Start of Block

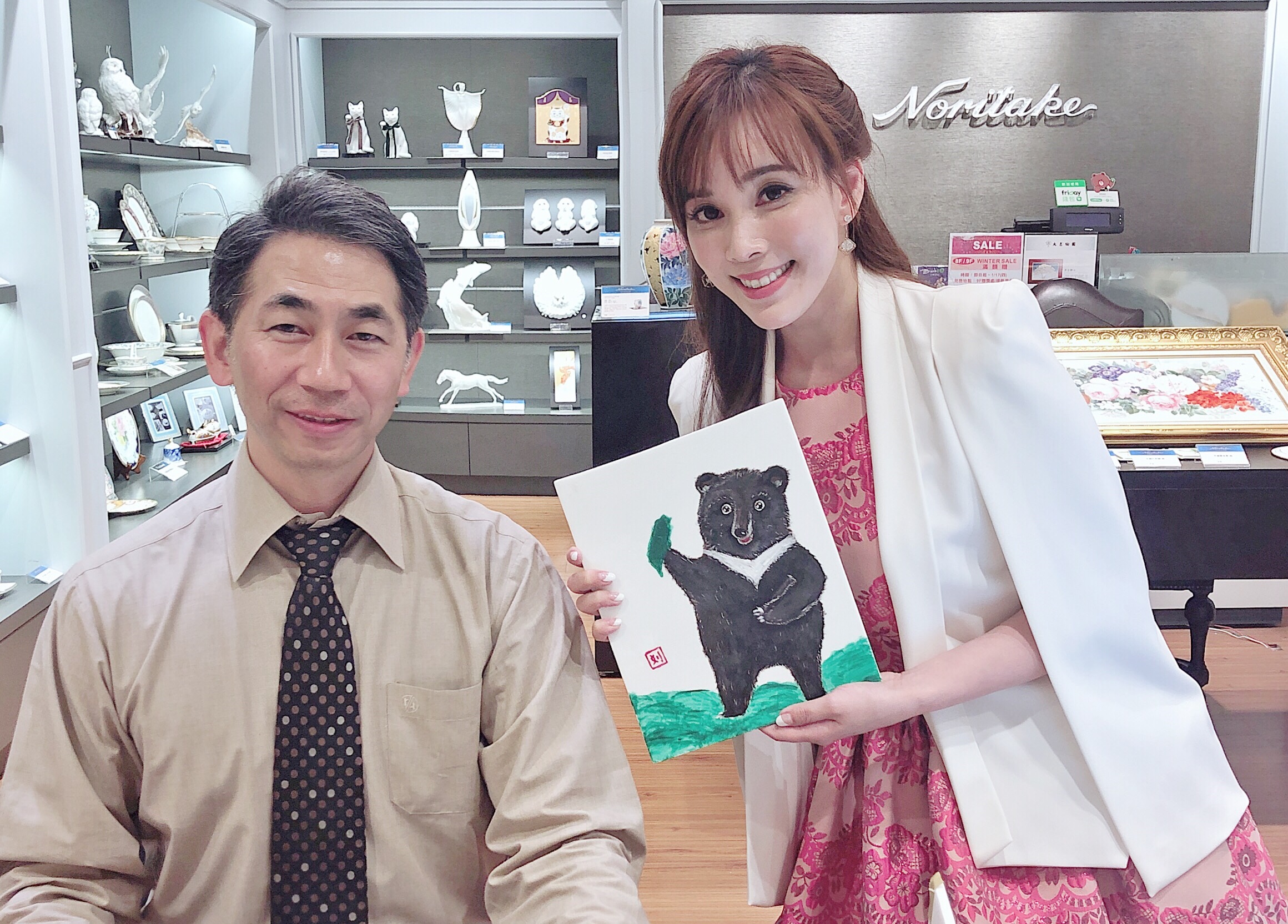 岡田正己與劉涵竹四年沒見，身為東道主的她，特別獻上親筆繪畫得熊貓作品送給大師。（劉涵竹提供）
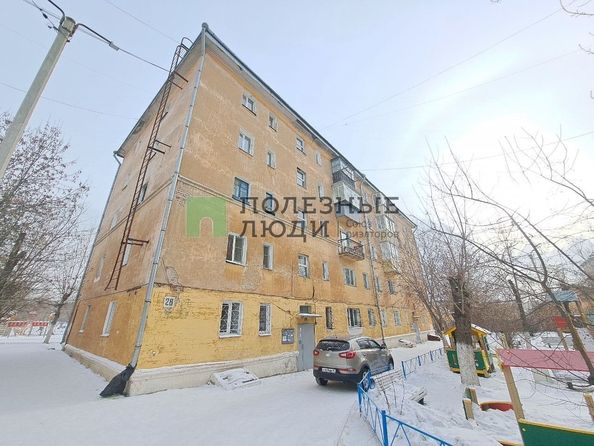 
   Продам 2-комнатную, 42 м², Октябрьская ул, 28

. Фото 9.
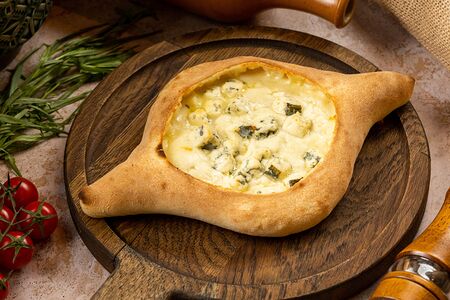 Лодочка с сыром сулугуни и дорблю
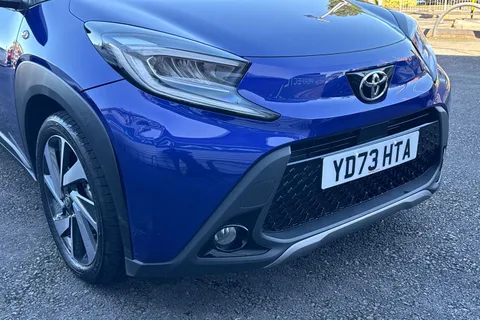 YD73HTA Toyota Aygo X 1.0 VVT-i Exclusive x-shift Euro 6 (s/s) 5dr Thumbnail #9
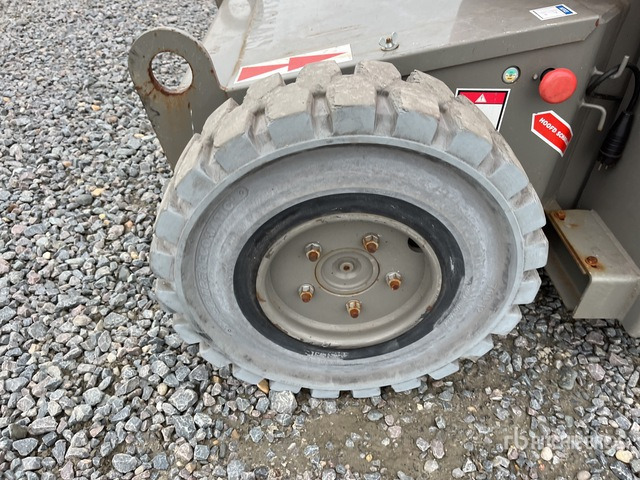 2016 Haulotte HA12IP 2WD Electric Articulating Boom Lift - Articulated boom: picture 5 2016 Haulotte HA12IP 2WD Electric Articulating Boom Lift - Articulated boom: picture 5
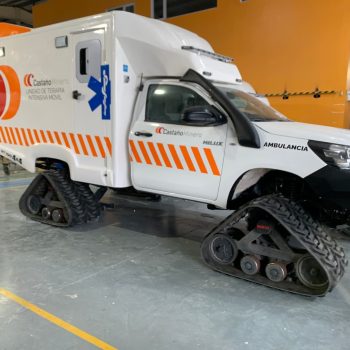 Camioneta Unidad de Rescate con Orugas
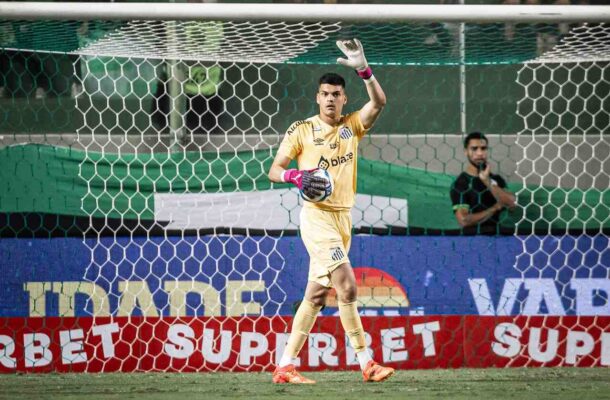 O goleiro Gabriel Brazão assume a meta santista. Após um período de oscilação, o arqueiro consegue se firmar e vira um nome indispensável no sistema defensivo do Peixe. - Foto: Raul Baretta/ Santos FC.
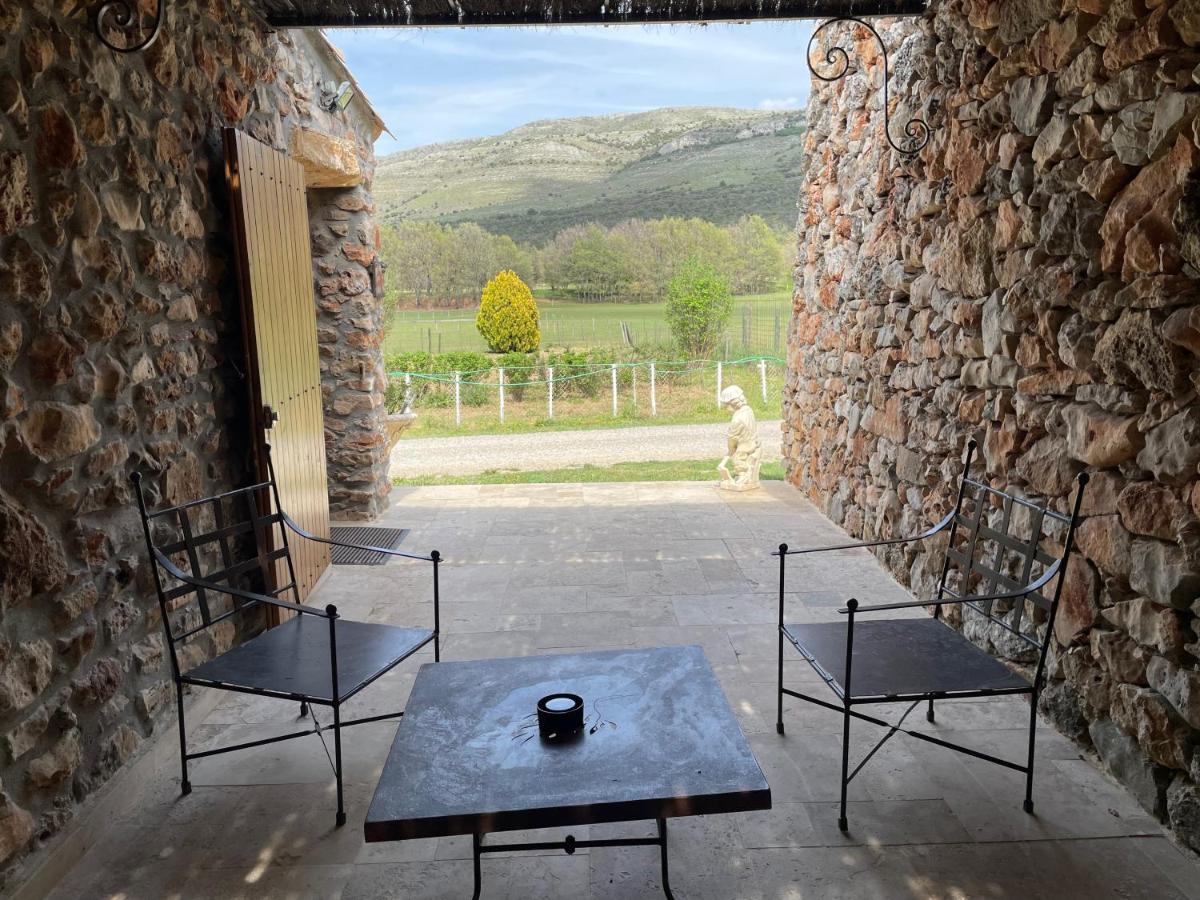 Domaine De Majastre Bed & Breakfast Bauduen Bagian luar foto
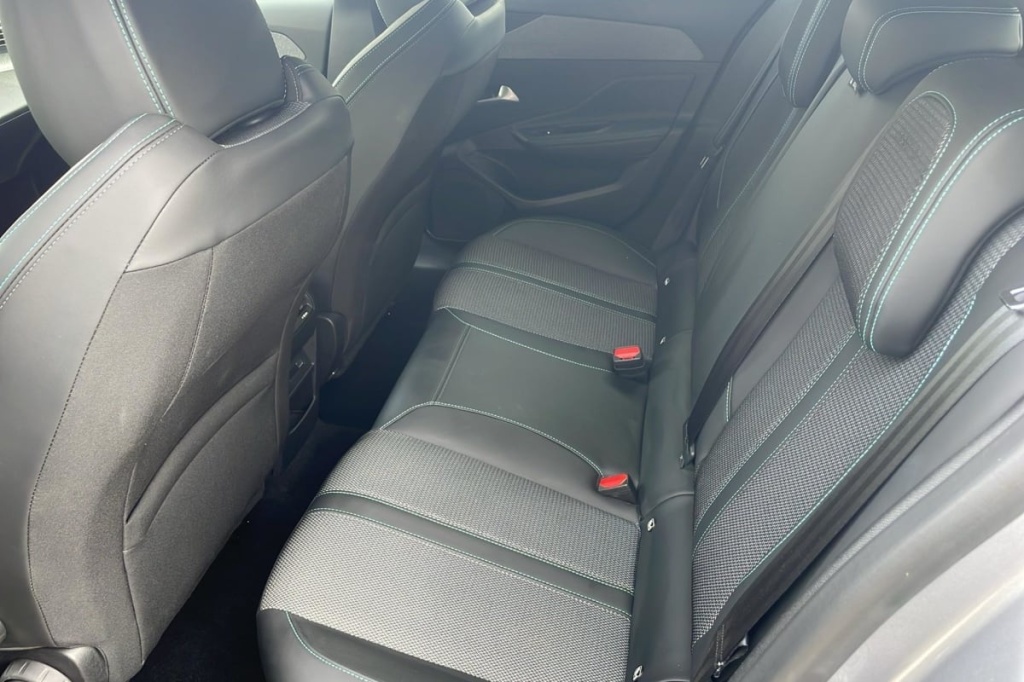 PEUGEOT 308 Hybrid 145 e-DCS6 Allure - ref: 1-369632 - Photo 10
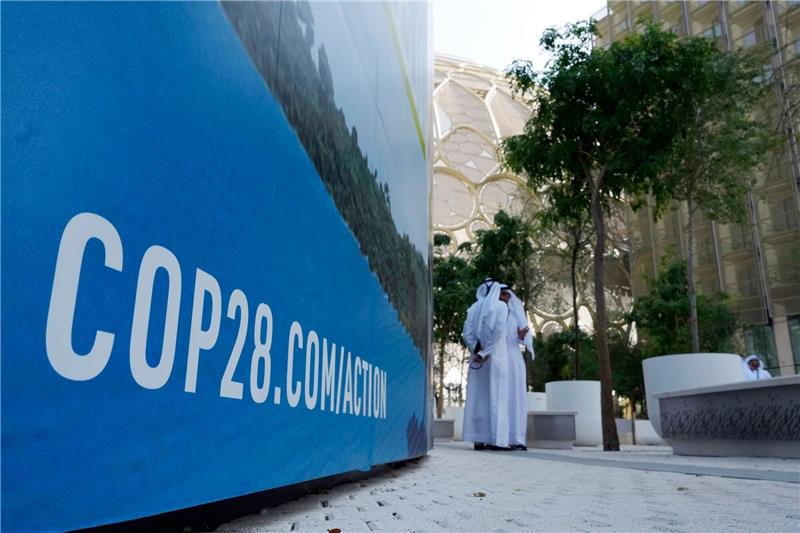 Politisches Weltklima belastet die Klimakonferenz in Dubai Beim COP28-Treffen in Dubai wollen mehr als 190 Länder die erste große Bestandsaufnahme der Umsetzung der Pariser Klimakonferenz 2015 erstellen.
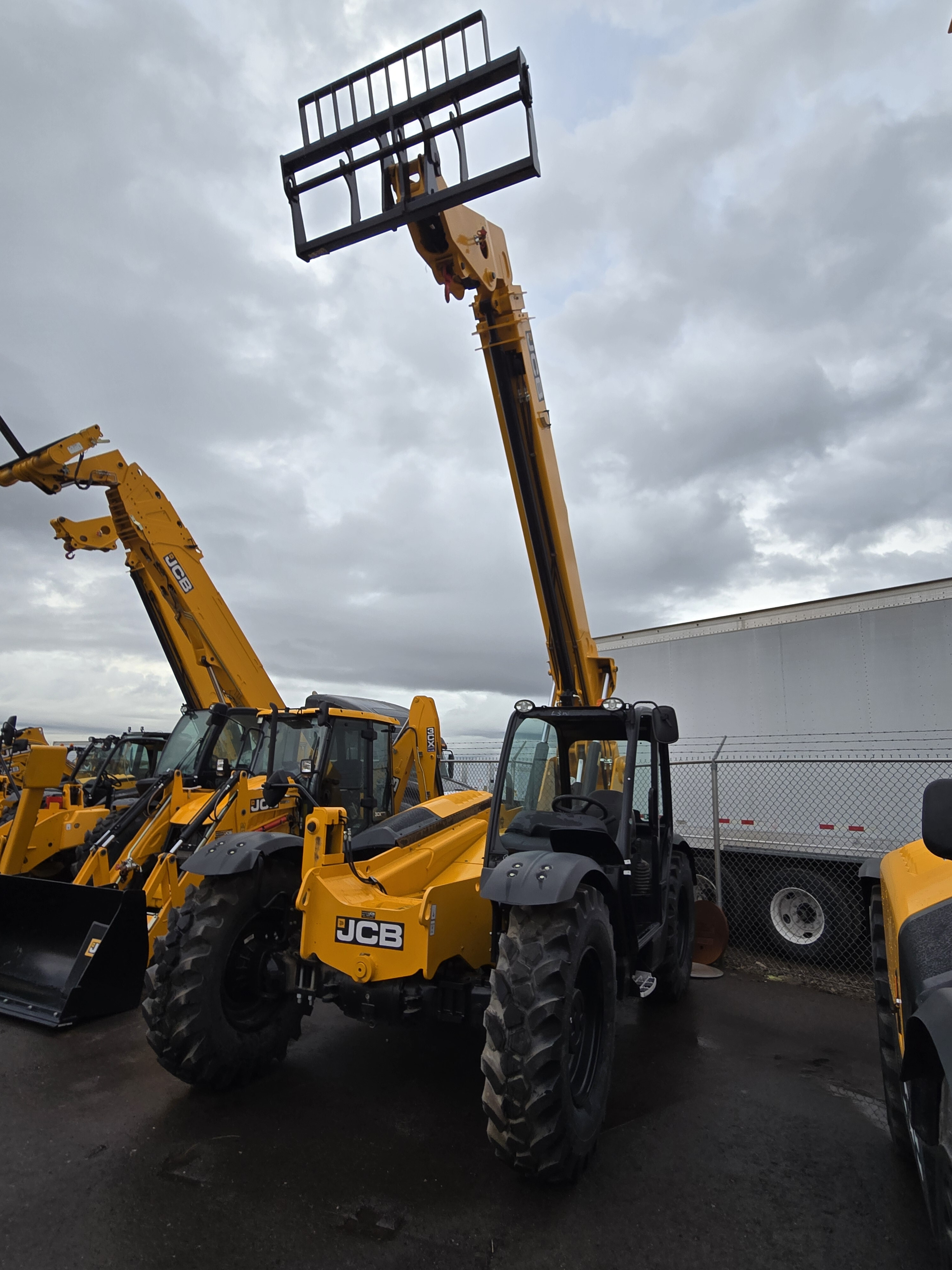 2024 JCB 507-42 in Phoenix, AZ
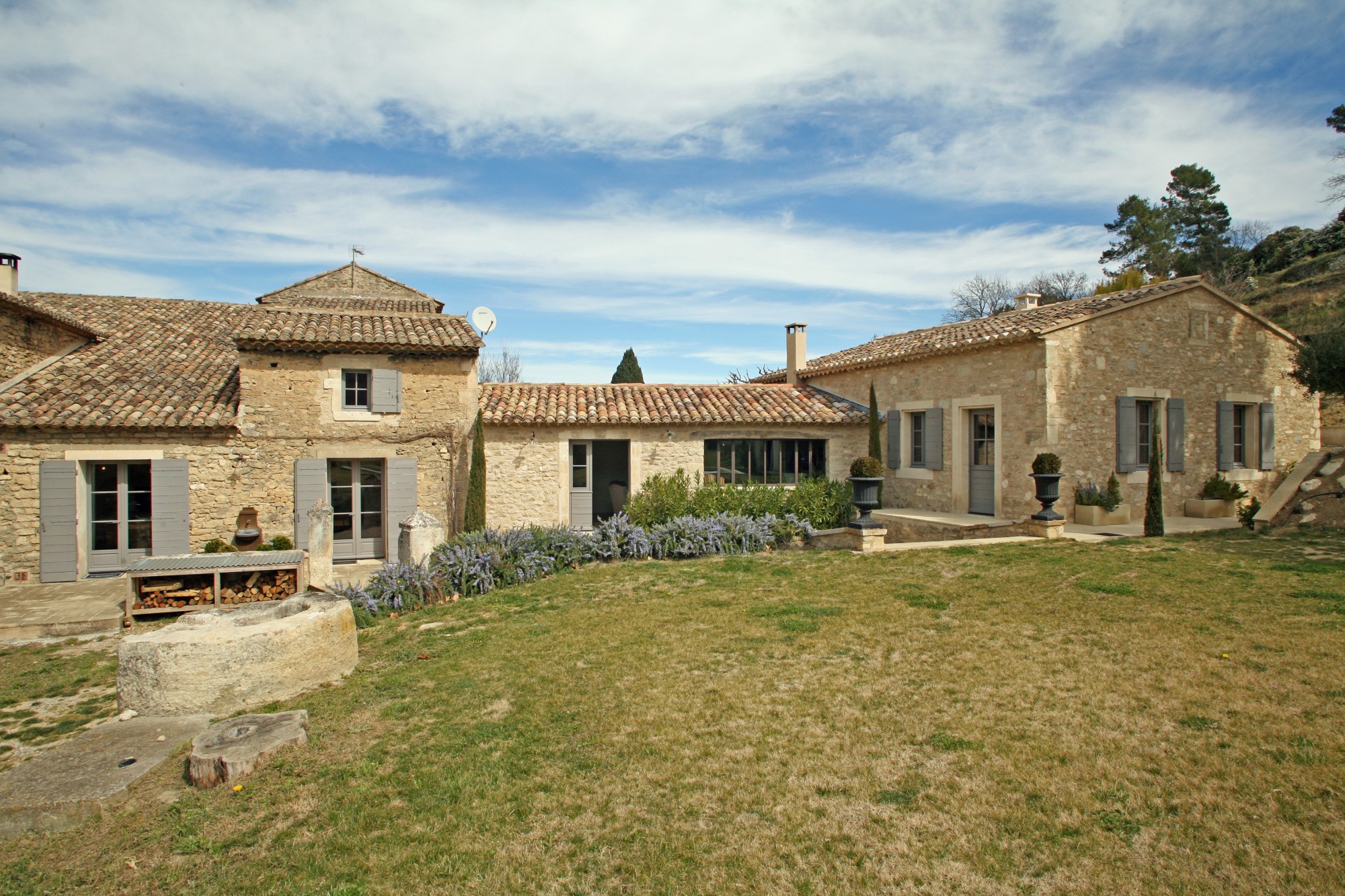 Ménerbes, superbe mas avec piscine et vue à deux pas du village   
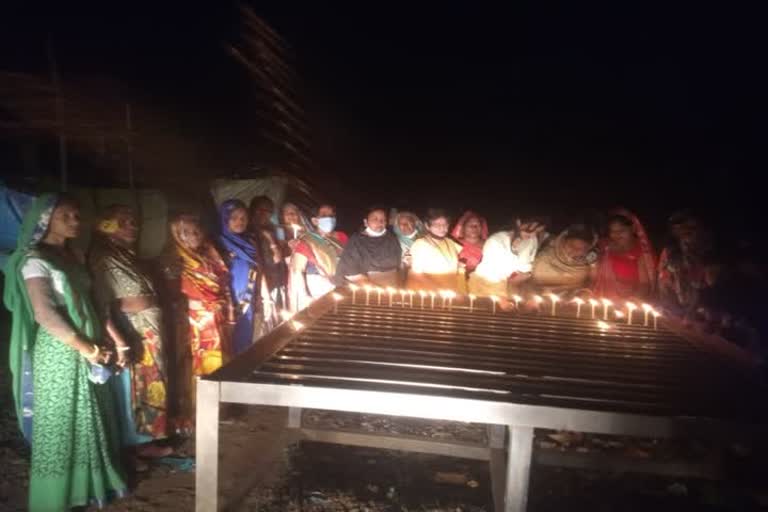 Mahila congress paid tribute to hathras victim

End of Block

» PROBLEM DETAILS
With the pictures left out, copy exactly the lines from the line holding "PEUGEOT 308 Hybrid" through the final line of the records, including both.

» SOLUTION TO THE PROBLEM
 PEUGEOT 308 Hybrid 145 e-DCS6 Allure - ref: 1-369632 - Photo 10
 Politisches Weltklima belastet die Klimakonferenz in Dubai Beim COP28-Treffen in Dubai wollen mehr als 190 Länder die erste große Bestandsaufnahme der Umsetzung der Pariser Klimakonferenz 2015 erstellen.
 2024 JCB 507-42 in Phoenix, AZ
 Ménerbes, superbe mas avec piscine et vue à deux pas du village   
 Mahila congress paid tribute to hathras victim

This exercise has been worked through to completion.